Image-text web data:
---+---
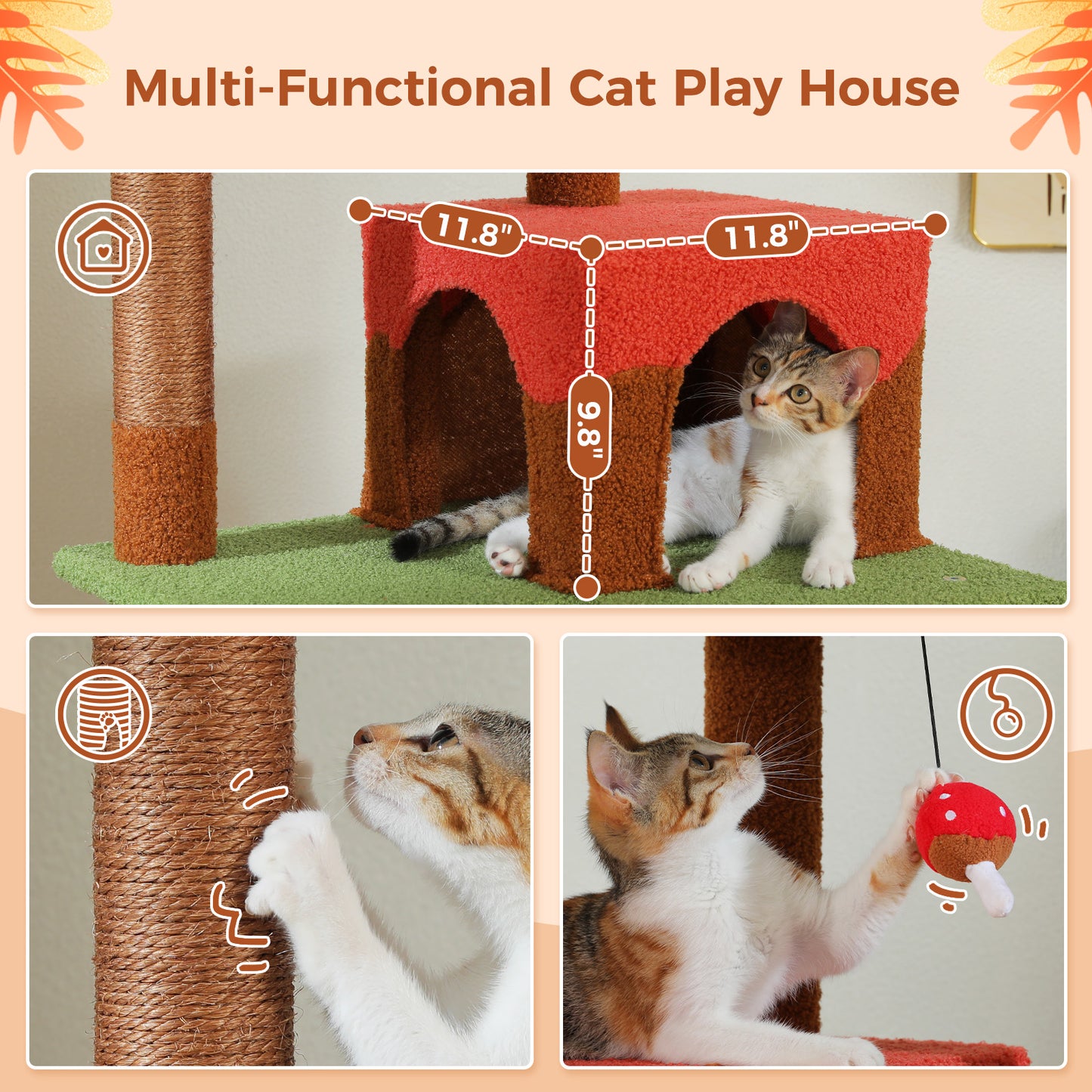 PAWZ Road 143cm Cat Tree Tower Scratching Post Scratcher Cat Condo House Bed Furniture Brown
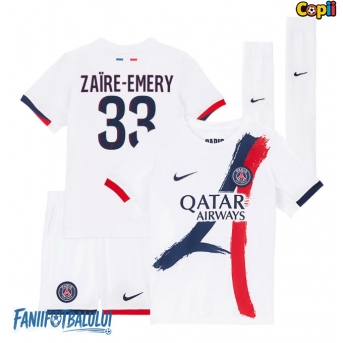 Paris Saint-Germain Warren Zaire-Emery #33 Echipament de Fotbal Replică 2025-26 Copii Deplasare (+ Șorturi)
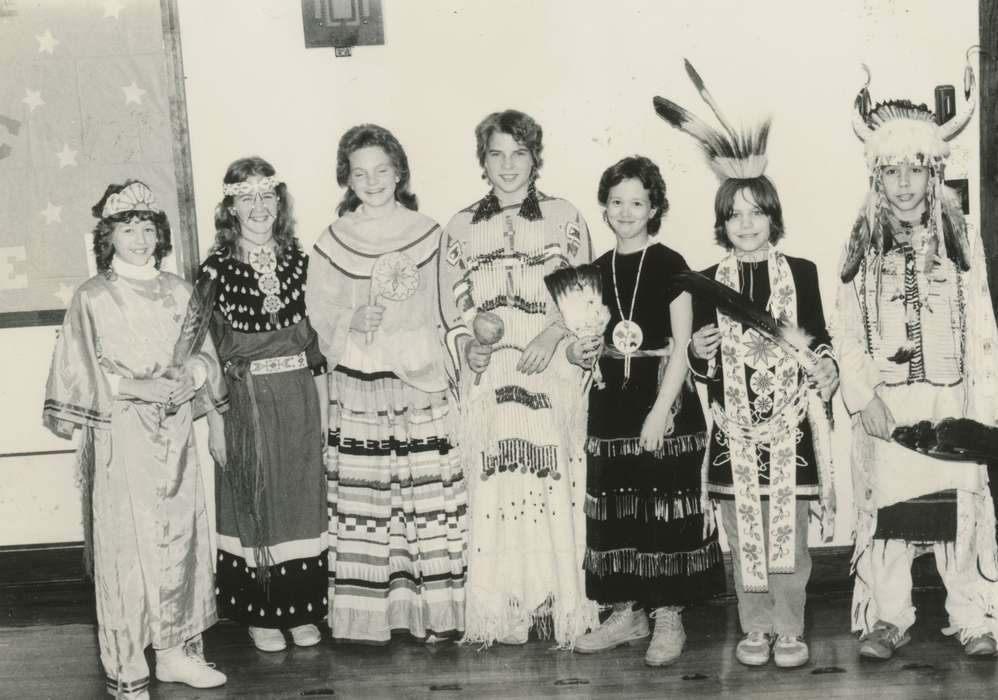 Children, Fort Dodge, IA, Iowa History, Schools and Education, Portraits - Group, Iowa, costume, Stewart, Phyllis, history of Iowa, stereotype of native american, redface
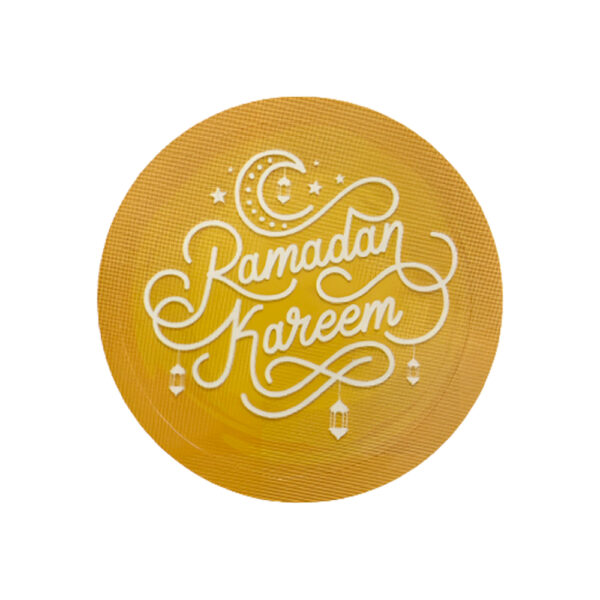 Yellow Printed Ramadan Kareem Stickers Pack of 12 - Image 2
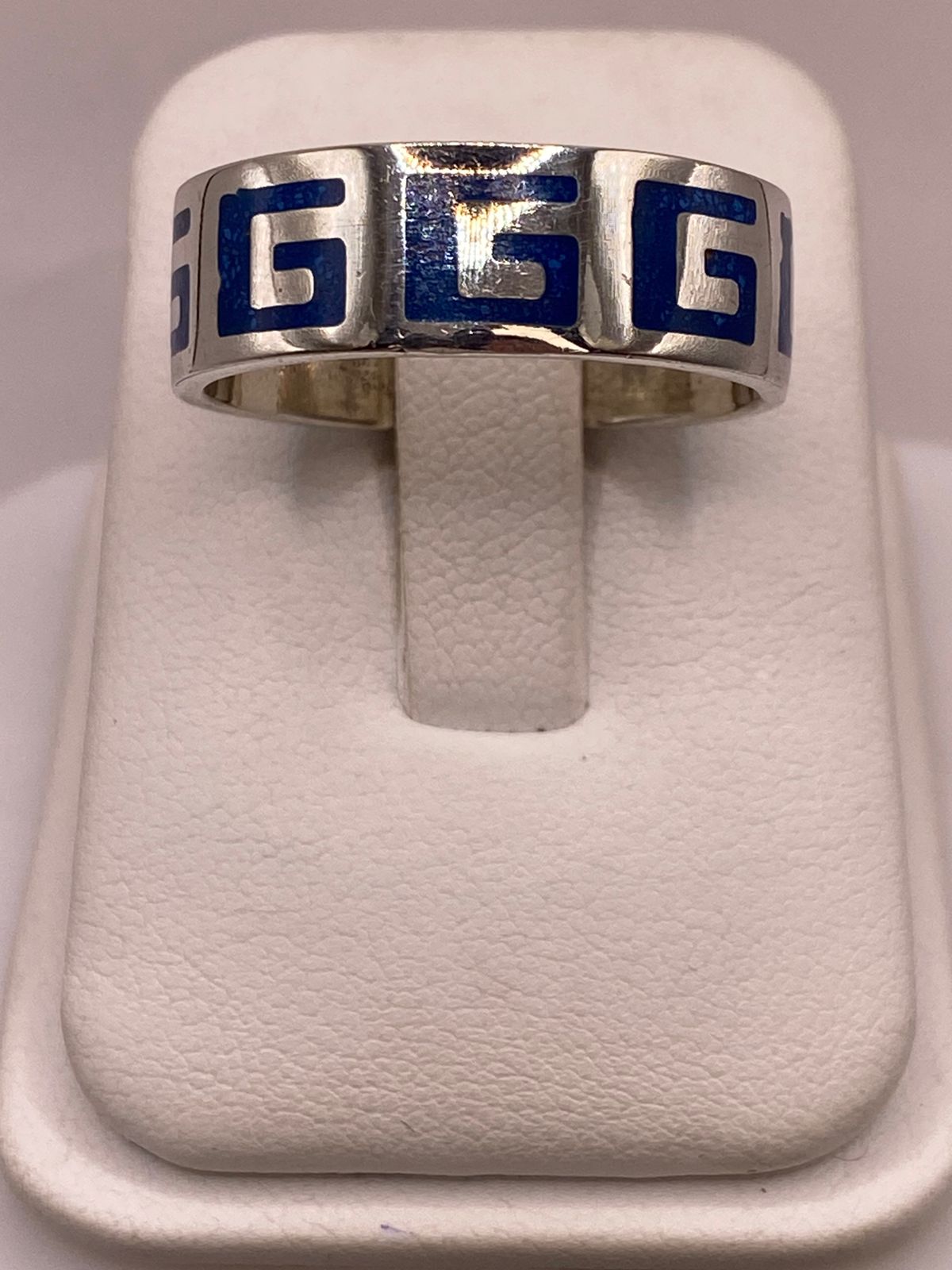Anillo Greca Azul de Plata .925 con Incrustaciones
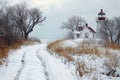 A snowy path winds its way through the landscape, leading to a towering lighthouse, A snow-covered path leading to a lighthouse,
---+---
ABOUT THIS EXERCISE:
Set down exactly, and only, the lines from the one holding "Anillo Greca Azul" to the end of the records above, leaving every picture out.

EXPECTED OUTPUT:
Anillo Greca Azul de Plata .925 con Incrustaciones
 A snowy path winds its way through the landscape, leading to a towering lighthouse, A snow-covered path leading to a lighthouse,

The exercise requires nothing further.